Make no doubt about it, online spying is becoming more prevalent and more sophisticated. It is important to understand that there are different levels of spying. For example, Alexa, popular software owned by Amazon.com doesn't actually log your keystrokes or take system snapshots but it does record some surfing activity. However, programs like Spector are very skilled at stealthily gathering information including passwords, surfing history, and even chat logs and e-mails. If you have not done so already take a moment to read our Introduction to Spyware located here here.
So how do you know if you are being spied upon? We list the key points below on how to monitor your system and check for the signs of spy software.
1) Work Environment: Assume you are being monitored. Most workplaces have the right to do this so by default so get used to the fact that someone is monitoring you. There are several ways employers can monitor employees. Some use activity logging software to see what programs are being accessed and for how long. Naturally, many will use spy software programs also known as "snoop ware" or a key-logger to take snapshots and log all keystrokes. An employer may actually monitor internet traffic as it moves across an intranet. Responsible employers will have policies on monitoring posted on monitoring practices, P2P file sharing, IM or chat usage and e-mail and web surfing.
2) Anti-Spy Programs: A popular way to find out if someone is spying on you. Anti-Spy programs look for signatures or traces that are specific to certain spy software. Some simply do text string scanning to find them, and others actually extract and attempt to remove the spyware. Be careful of the ones that use only text string scanning. Text string scanning can give false positives and in some cases it actually it can accidentally target anti-spy software! Beware! There are a number of rogue anti-spyware applications that will inject spyware into your system instead of removing it.
Of course, Anti-Spy software can be a double-edged sword!
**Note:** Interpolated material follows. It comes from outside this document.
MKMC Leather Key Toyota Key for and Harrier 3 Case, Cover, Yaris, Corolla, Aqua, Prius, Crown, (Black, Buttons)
Many spies will actually buy anti-spy software to scan and check to make sure their spyware is not being detected. There is a hidden arms race that rages between spyware vendors and anti-spy companies.
3) System Resources: Poorly written spy software will usually put an enormous drag on system resources. Watch out for poor system resources, running out of memory, lots of hard disk activity or a screen that "flickers". This is caused by some spy software programs as they take snapshots of the computer screen that requires system resources.
4) Machine Access: Watch for people trying to gain physical access to your machine. Many software programs are designed for spying but require physical access to the target machine.
5) Installation Monitors: Currently on the market are software programs that will log every installation that occurs on your machine. It is best to leave these hidden on the system. It is possible to catch the installation of many spies in this way.
6) Anti-Virus: Many anti-virus programs can catch prolific spy software because they are often classified as "Trojan Horses". Keep spy software up to date and make sure it is running in the background. This might not protect you against from some spy software but it may let you know if any repurposed Trojan horses have been installed. Keep in mind that Trojans (see below) like NetBus or DeepBO are also classified as spy software because they open up a system to outside connections. Don not be lulled into a false sense of security because you have one installed. They are helpful but there is no such thing as 100% foolproof protection.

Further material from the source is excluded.